4. Feeling aggrieved by these orders the applicants filed the present application for revision which is directed against both the abovementioned orders of the learned Sessions Judge.
5. I have heard learned counsel for the parties and I am of the opinion that the learned Sessions Judge ought to have allowed the applicants' prayer that the revision may be treated as an appeal, It will be seen that the applicants had challenged the order of the trial court within five days of the passing of the order of conviction i. e. within the period of limitation for filing an appeal. It is also clear that they had filed the application in the same court in which an appeal should have been filed. It is true that they framed their application as an application for revision and not as an appeal and gave a wrong nomenclature to their application. But in my opinion that could not bar the learned Sessions Judge from allowing the applicants to suitably amend the application and make the proper prayer. The purpose of all rules of procedure obviously is to enable justice to be done. As such every procedure which advances the dispensation of justice should be considered permissible unless it is prohibited. So in a purely procedural matter like the present one what has to be seen was not whether there was a specific provision in the Code of Criminal Procedure authorising the learned Sessions Judge to treat a revision application as an appeal but whether there was anything in the Cr.PC to bar him from doing so. It is not disputed that there is nothing in the Cr.P.C. to bar a revision application being treated as an appeal or vice versa. As such I am of the opinion that the learned Sessions Judge could and ought to have allowed the application for treating the revision as an appeal after allowing the applicants to suitably amend their application.
6. Even assuming for the sake of argument that the learned Sessions Judge did not have the power to do so there can be no doubt that this Court has such power Under Section 482 Cr.P.C. in order to secure the ends of justice. As already pointed out the revision application was filed within the limitation provided for an appeal and in the same forum in which the appeal should have been filed. I have no doubt that when the convicted persons had moved the proper court within the limitation prescribed for an appeal for setting aside the trial court's order then the interests of justice demand that the should be allowed to correct the mistake in the form which they gave to their prayer and convert the revision into an appeal.
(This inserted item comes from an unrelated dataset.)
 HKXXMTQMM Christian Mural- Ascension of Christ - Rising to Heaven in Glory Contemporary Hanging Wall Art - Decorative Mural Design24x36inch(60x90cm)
7. In this view of the matter, it is not necessary to go into the question whether there was sufficient cause for condoning the delay and admitting the appeal subsequently filed by the applicants. However, I may say that it is clear from the circumstances that the revision was filed instead of an appeal only because, by an oversight, the learned counsel for the applicants did not ascertain whether the Tahsildar Magistrate who had passed the impugned order was a Magistrate of the second class or of the first class and it was because of this mistake of the counsel that revision was filed. In my opinion this was a sufficient cause for condoning the delay in the filing of the appeal. However, as already stated this question does not arise when I am of the opinion that the applicants should be allowed to suitably amend their revision application and convert it into an appeal.
8. Accordingly, I allow this application and set aside the orders dated 30-5-1973 and 4.7.1973 passed by the learned Sessions Judge and remand the case to the learned Sessions Judge with the direction that he shall allow the applicants to suitably amend their application for revision and then hear and decide it as an appeal.